Hepinizin şeker tadında bayramları olsun 🍭 Umarım herkesin bayramı iyi geçiyordur. Muhteşem bir bölümle tekrar bir aradayız. Bölüm tam anlamıyla YeşBur bölümü diyebilirim. Ve zaten yazdığım en en en uzun bölümlerden birisi. Umarım beğenirsiniz. İyi okumalar.❤️
Yeşim
Yoğun erkeksi ve ferah kokusundan kimin geldiğini anlamıştım. Kafamı çevirip kapıya doğru baktım. Gri kumaş pantolonu ve üzerine giymiş olduğu beyaz gömleği kusursuz duruyordu. Açık kahverengi saçlarını her zamanki gibi yine dikmişti. Ve ilk kez gördüğüm oval gözlükleri ile nefesim kesilmişti. Beynimi bir an için kullanamadığım aklıma gelince derin bir nefes alıp oksijen ihtiyacımı karşıladım. Kapıyı kapatıp içeriye gireceği sırada kapı kapanmadan tekrar açıldı ve içeriye Fırat girdi. Eflin'in gözleri belermeye başladığında aynı tepki Fırat içinde geçerliydi. Fırat, Efin'in yanındaki tekli koltuk geçerken Burak oturduğum ikili koltuğa oturmuştu.
Burak'ı gören müdire oturduğu yerden kalkıp ceketinin düğmelerini ilikledi. Gözleri fal taşı gibi açılırken ağzıda aynı işlemi yapıyordu."Bu-burak bey sizi burada görmek ne büyük şeref. Hoş geldiniz efendim."
Burak gülümseyip baş selamı ile karşılık verdi. Eflin halinden memnun olmayan bir ifade ile konuştu.
"Evet Burak'ta geldiğine göre bir an önce imzaları atalım."
Neden yani?
Niye Burak?
Zaten zor nefes alıyorum. İyice nefessiz kalıyordum bu adamı görünce. Şimdi bir de ortak mı olacaktık? Kendi işini zor gören kalbim bunu kaldıramayabilirdi.
Zerrin hanım masasından kalkıp dosyaların bulunduğu rafa ilerledi. Eline aldığı kırmızı kapaklı evrakları aramızdaki sehpaya koyduktan sonra yerine tekrar oturdu. Gözlerim önce evraklara ardından Burak'a kaymıştı. O da aynı şekilde evraklara ve Fırat'a bakıyordu. Benim ona bakan irislerimi fark edince başını bana çevirdi ve göz göze geldik.
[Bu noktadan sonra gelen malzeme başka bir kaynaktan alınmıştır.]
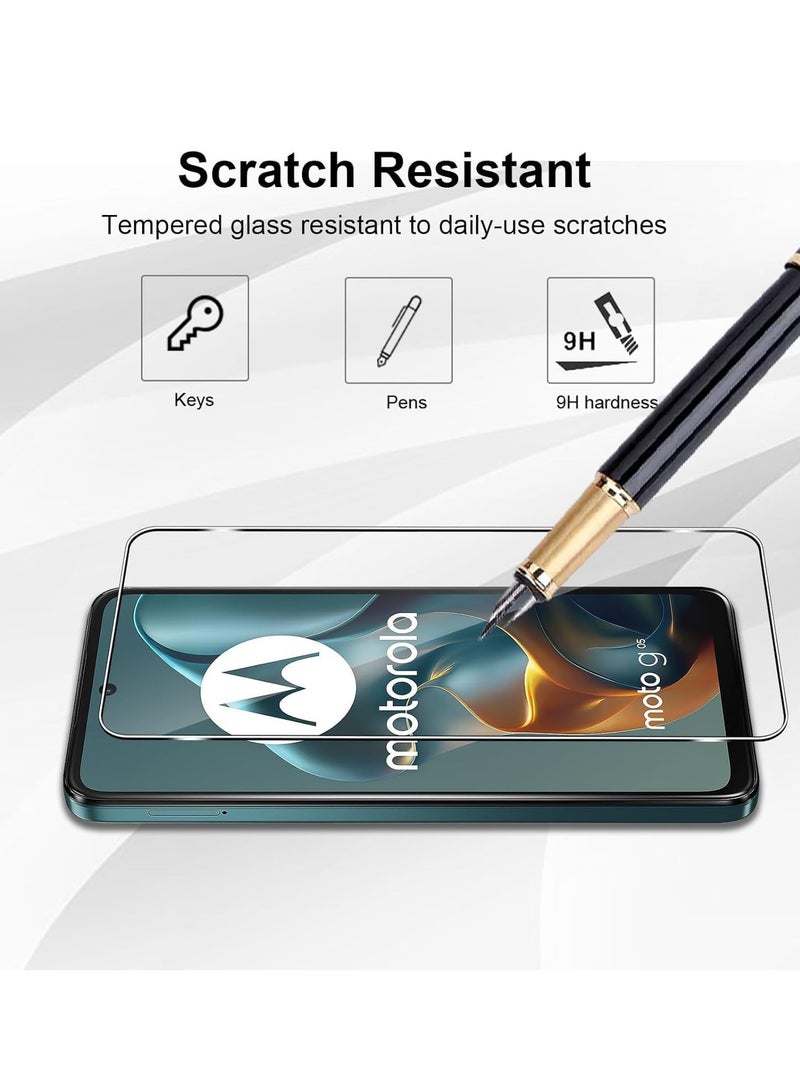 BORTONY Motorola Moto G05 Screen Protector 9H Hardness Full Covered Crystal Clear Glass With 3-Pack Anti-Fingerprints Tempered Glass For Motorola Moto G05 - Image 3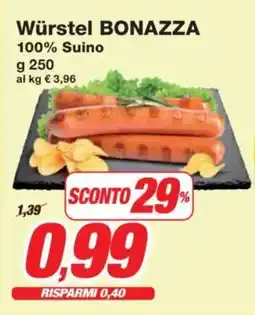 Prix Quality Würstel BONAZZA 100% Suino offerta
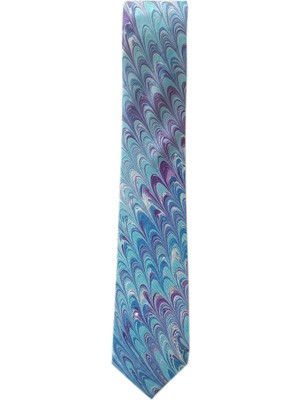 ElifEbru Exclusive Handicrafts Ebru Sanatı El Yapımı Turkuaz Mürdüm Mavi Ipek Kravat Ikr 153
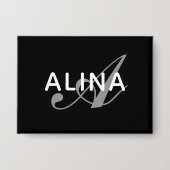 Create Your Own Name Monogram Rectangle 3.5" x 2.5 缶バッジ (正面)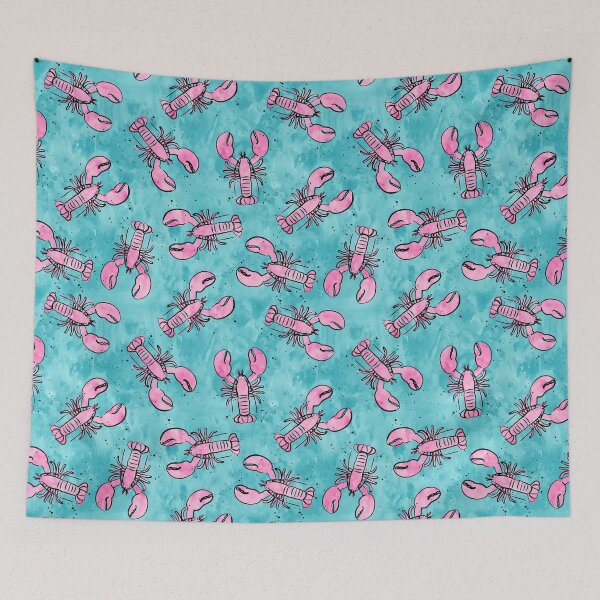 Item preview, lobsters - ink and watercolor - pink on blue designed and sold by littlearrow.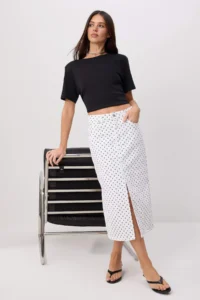 TRENDYOLMİLLA WHITE Puantiyel Patterned slit Midi DENIM Skirt - Image 2
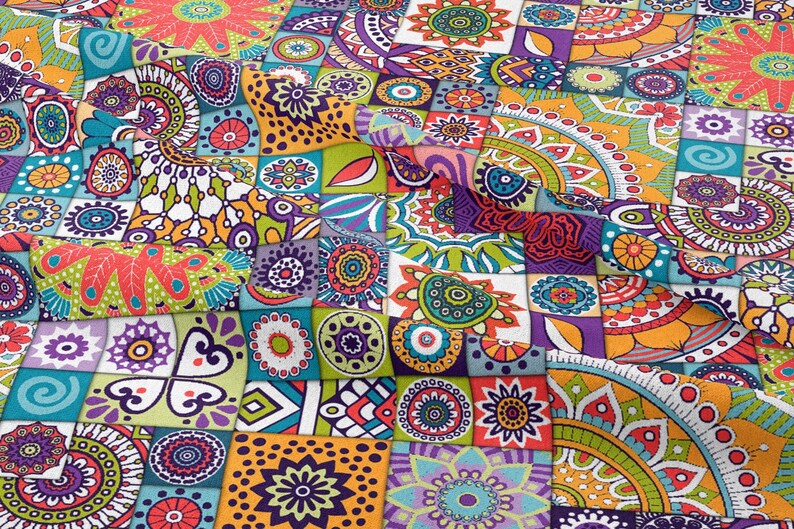 Vibrant Moroccan Tile Fabric for Home Decor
Anında kafamı önüme döndürdüm. Çünkü konuşma yetimi kaybedebilirdim. Kafamın içinde o kadar çok konuşma vardiki gözlerim dalıp gitmişti. Gözümün önünde sallanan kalemle düşüncelerimden sıyrıldım."Dünyada mısınız Yeşim hanımcığım?"
Zerrin hanımın elinde sallamış olduğu kalemi elime aldım.
"Nereyi imzalıyoruz? İmzalayalım bir an önce."
Sehpadaki dosyaları Zerrin hanımın masasına bıraktım. Dosyadaki sayfaları çevirip parmağı ile işaret etti.
"Şuraya."
Şekli belli olmayan iğrenç imzamı kağıda karaladım. Kalemi masaya bırakacağım sırada elimin üzerinde Burak'ın elini hissettim. Hızla elimi çekerken kalemi eline aldı. Bana yaklaşıp sağıma düşen örgümü eliyle arkama attı. Ardında kulağıma yaklaşıp fısıltı şeklinde mırıldandı.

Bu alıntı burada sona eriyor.